Problem. Please write out exactly the lines from the one with "Rebottled Mixologist box" through the end of the data below, both ends included, and omit any pictures.

Dataset excerpt: Begin

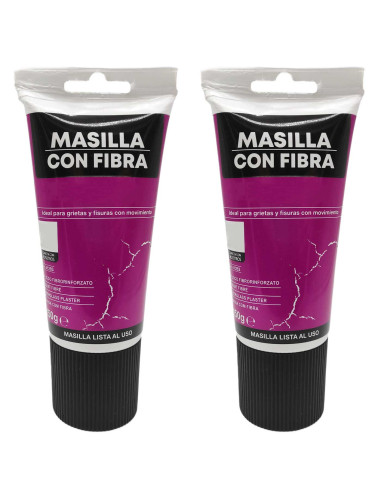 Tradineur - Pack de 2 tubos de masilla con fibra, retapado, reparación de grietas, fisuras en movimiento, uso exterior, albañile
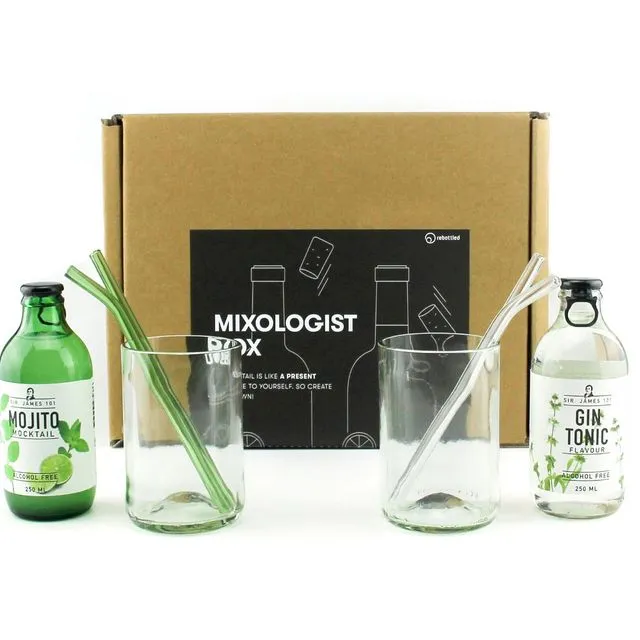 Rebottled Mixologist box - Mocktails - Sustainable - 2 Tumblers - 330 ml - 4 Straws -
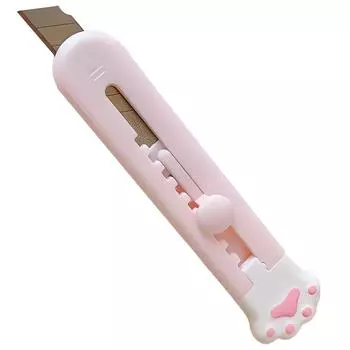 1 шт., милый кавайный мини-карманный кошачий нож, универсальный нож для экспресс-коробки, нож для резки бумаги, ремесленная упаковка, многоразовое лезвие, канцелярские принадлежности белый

Dataset excerpt: End

Solution to this exercise.
 Rebottled Mixologist box - Mocktails - Sustainable - 2 Tumblers - 330 ml - 4 Straws -
 1 шт., милый кавайный мини-карманный кошачий нож, универсальный нож для экспресс-коробки, нож для резки бумаги, ремесленная упаковка, многоразовое лезвие, канцелярские принадлежности белый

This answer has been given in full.